▼▼▼
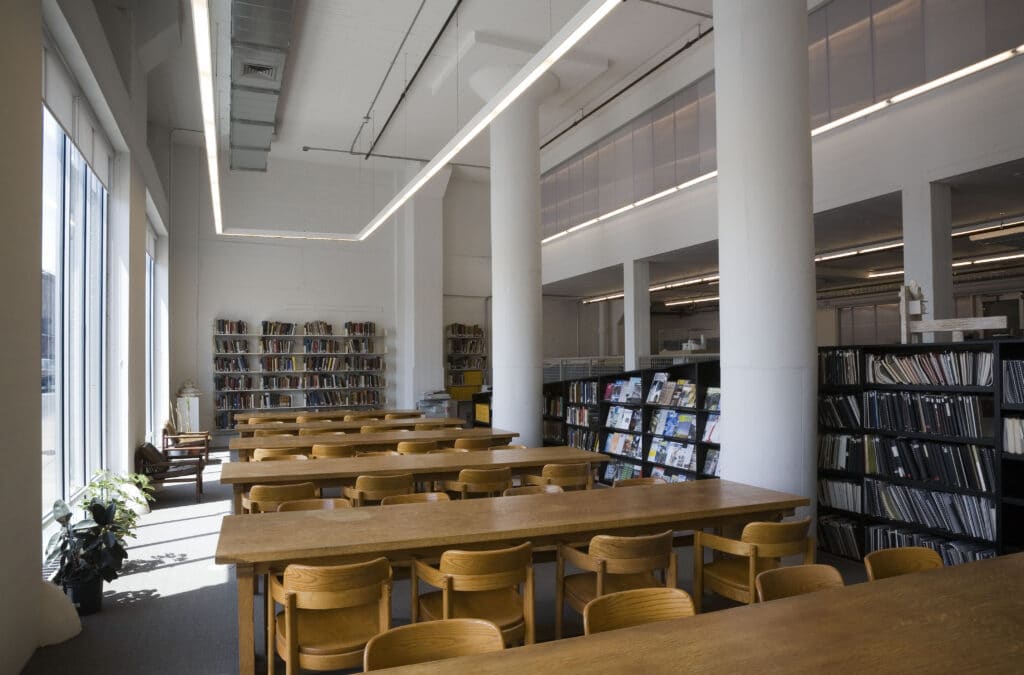 The Warehouse Syracuse University School of Architecture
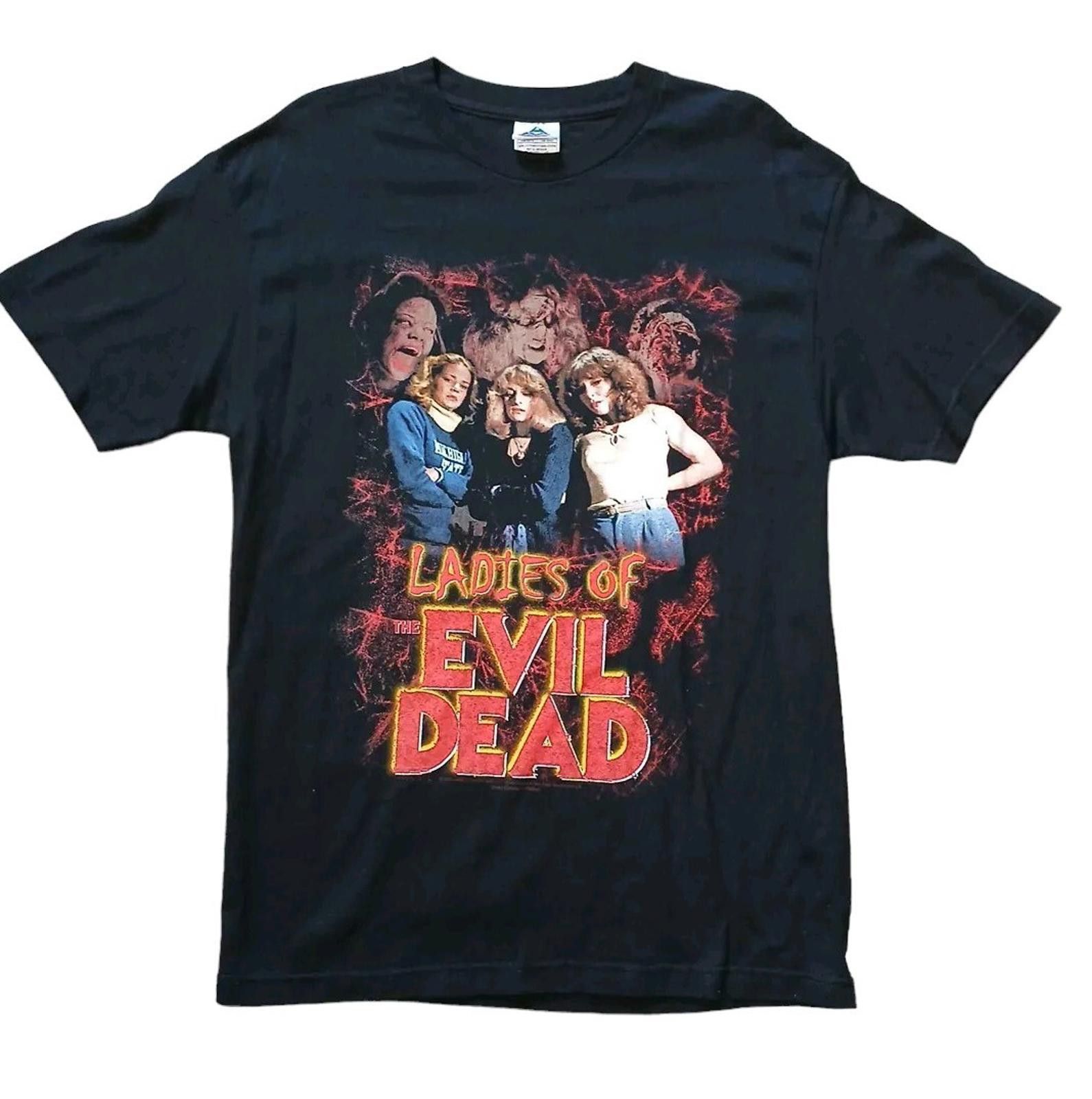 AAA 2004 Ladies of the Evil Dead Size Large Licensed Shirt NWOT Size US L / EU 52-54 / 3 - 1 Thumbnail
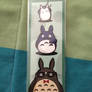 Totoro bookmark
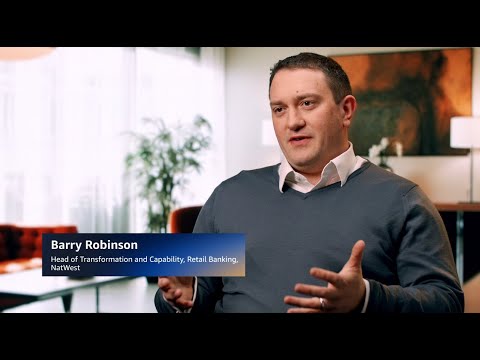 How data transformed customer service at NatWest | Amazon Web Services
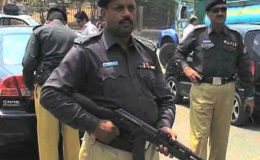 کراچی میں عزیز بھٹی تھانے کے لاک اپ سے ملزم فرار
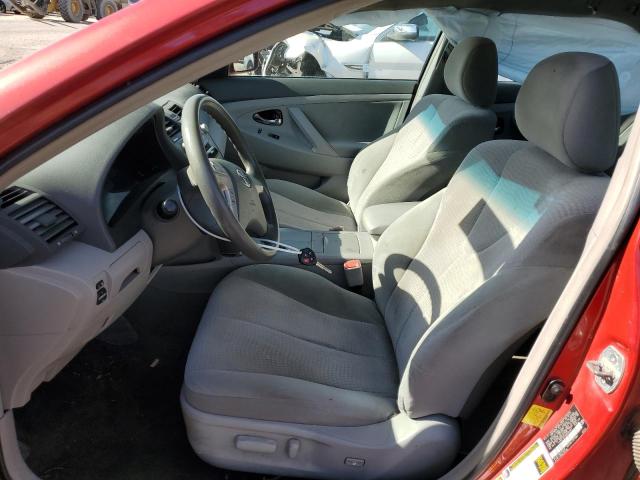 Photo 7 from auction – 2011 TOYOTA CAMRY BASE with VIN 4T4BF3EK5BR209931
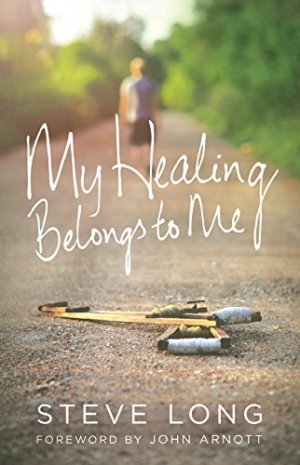 My Healing Belongs to Me - Re-vived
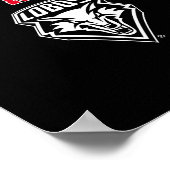University Of New Mexico Unm Lobos Ncaa Unm&#   Poster (Ecke)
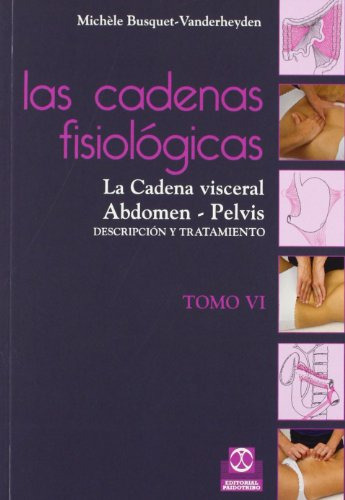 Cadenas Fisiologicas Las -tomo Vi- La Cadena Visceral Abdome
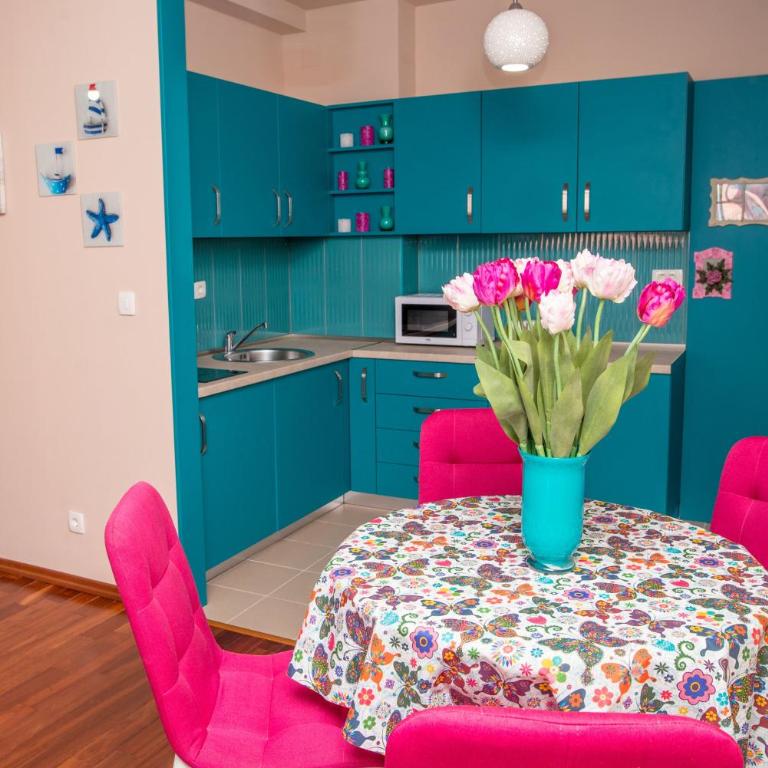 Blue sea apartment - One-Bedroom Apartment - 10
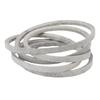 Lawn Mower Deck Drive Belt Replacement, Professional Anti-wr Design Craftsmanship of Lawn Mower Deck Belt for GX20072 GY20570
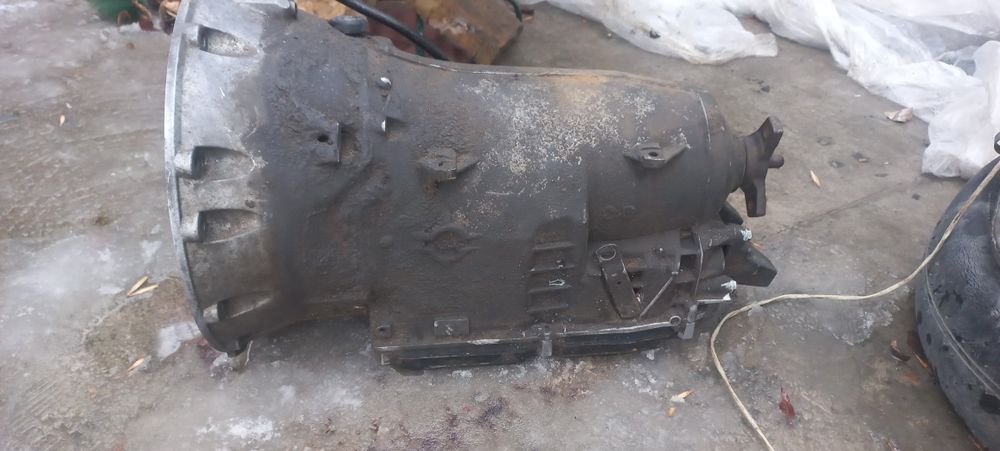 Продам акпп от мерседеса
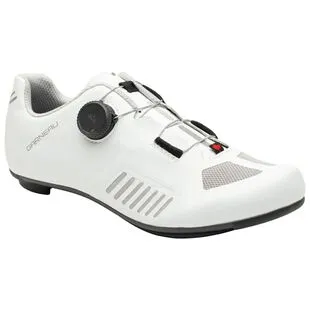 Louis Garneau Womens Ruby XZ Cycling Shoes White Sportpursuit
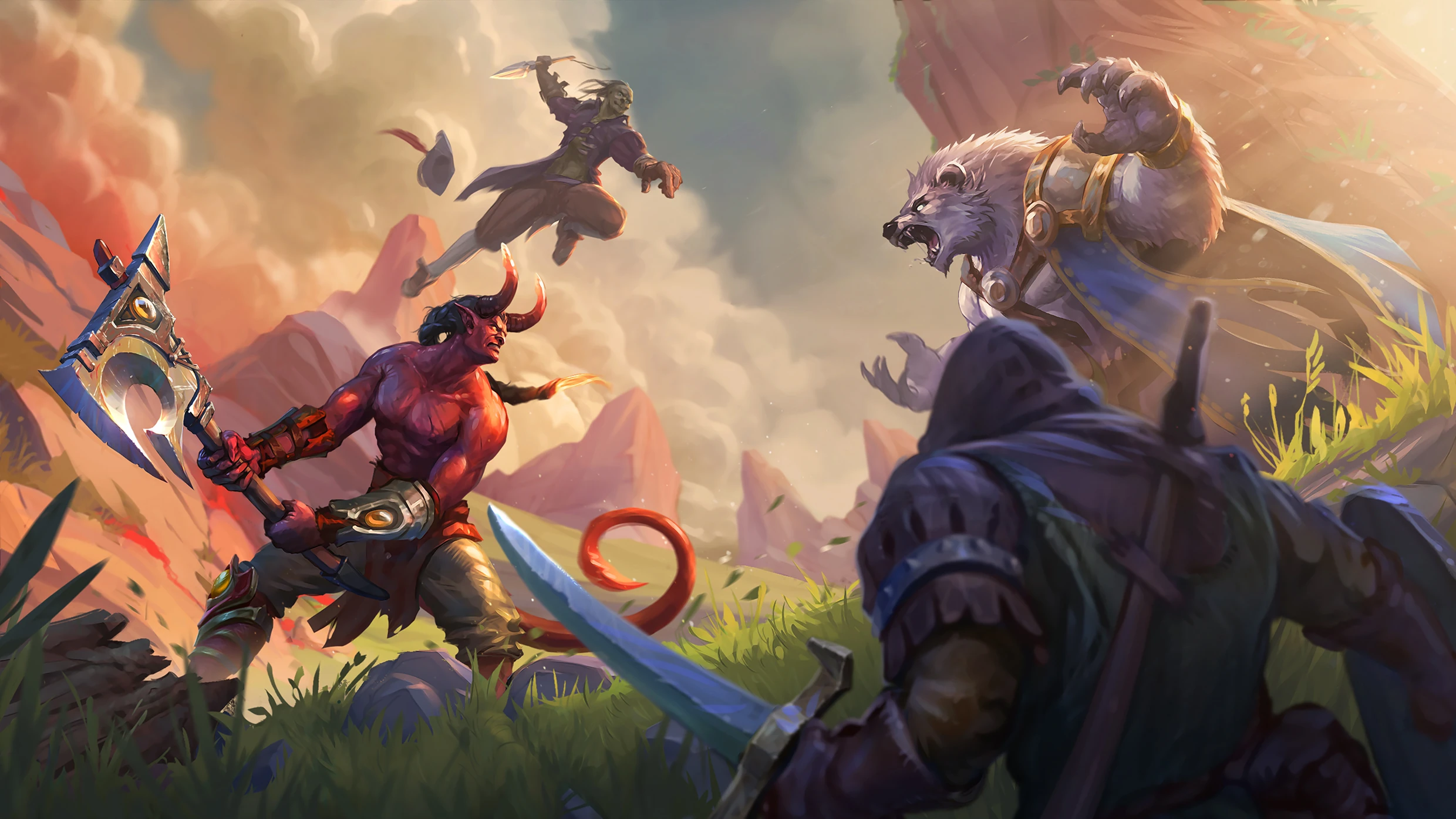 Battle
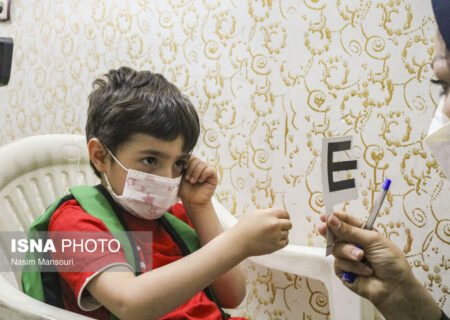 مدیرکل بهزیستی هرمزگان خبرداد
                                آغاز طرح ملی پیشگیری از تنبلی چشم کودکان در هرمزگان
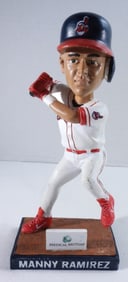 Manny Ramirez 2023 Bobble Head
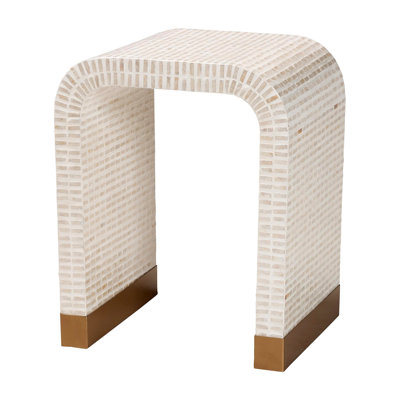 Table de bout Coastal Capiz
▲▲▲
Exercise requirements: Please set down every record exactly as it appears, leaving out the pictures.

The completed task:
 The Warehouse Syracuse University School of Architecture
 AAA 2004 Ladies of the Evil Dead Size Large Licensed Shirt NWOT Size US L / EU 52-54 / 3 - 1 Thumbnail
 Totoro bookmark
 How data transformed customer service at NatWest | Amazon Web Services
 کراچی میں عزیز بھٹی تھانے کے لاک اپ سے ملزم فرار
 Photo 7 from auction – 2011 TOYOTA CAMRY BASE with VIN 4T4BF3EK5BR209931
 My Healing Belongs to Me - Re-vived
University Of New Mexico Unm Lobos Ncaa Unm&#   Poster (Ecke)
 Cadenas Fisiologicas Las -tomo Vi- La Cadena Visceral Abdome
 Blue sea apartment - One-Bedroom Apartment - 10
 Lawn Mower Deck Drive Belt Replacement, Professional Anti-wr Design Craftsmanship of Lawn Mower Deck Belt for GX20072 GY20570
 Продам акпп от мерседеса
 Louis Garneau Womens Ruby XZ Cycling Shoes White Sportpursuit
 Battle
 مدیرکل بهزیستی هرمزگان خبرداد
                                آغاز طرح ملی پیشگیری از تنبلی چشم کودکان در هرمزگان
 Manny Ramirez 2023 Bobble Head
 Table de bout Coastal Capiz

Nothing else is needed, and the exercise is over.